Seed affinities

Good news and bad news.  First the good news.  The affinity sampler works pretty OK for different isolated seed silhouettes.  Here are a few examples with lima beans, barley, and wheat (respectively):


   

I've also made a few adjustments to from the earlier version, so that (1) magnification in X and Y directions is correlated, and (2) likelihood and prior seem to be a little more in balance, I guess.

  1. Correlated magnification:  this change represents additional prior knowledge that hadn't occurred to me yet.  The affinity model permits magnifying the X and Y axes by different amounts, which I think is appropriate, but I had let those magnifications move completely independent of each other.  That left the door open for the sampler to project one of the seeds into a thin filament.  However, when a seed is small in one direction, doesn't that suggest it is likely to be small in the perpendicular direction?  I added a correlation, therefore, to the two magnifications (which is kind of a pain because independent variables are so much easier to work with).
  2. Balancing prior and likelihood.  This is a subject that Kobus tells me often arises in a statistical model, but is somewhat difficult to specify precisely.  In general, if and when the likelihood and prior get into a tug-of-war, we want them to be roughly matched in strength.  We don't want one to be able to overwhelm the other.  Unfortunately it seems to be something of an empirical art how to achieve this balance. It would be nice if we had a principled way to find the best balance.
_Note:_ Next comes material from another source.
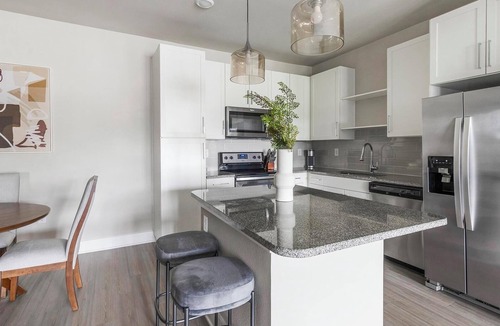 St. Johns Apartment | Landing | Stylish 2BD, Gym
To show an example of what I'm talking about, below I show the lima bean example with two alternative models.  In the first one below, the prior does not correlate the two magnifications, so the bean projection gets super-skinny.  Also, the likelihood sort of overpowers the prior, so the sampler is "terrified"* of expanding the proposal outside the bounds of the red bean.  It gets kind of stuck, therefore, and wastes a lot of time on weak proposals, and doesn't get to a plausible magnification until it's too late.  In the second example, the likelihood is underpowered, and so the sampler "barely listens" to the data; the effect is aimless wandering.
 

* hope you don't mind me anthropomorphizing a bit.

So that's the good news.  The bad news is that the model is incomplete.  Kobus has convinced me that I need to add edge information into the likelihood.  The above is working nicely on isolated seeds, but touching seeds will need more clues about how to fit a template to the data -- a lesson that Kobus and Joe Schlect discovered working with furniture images.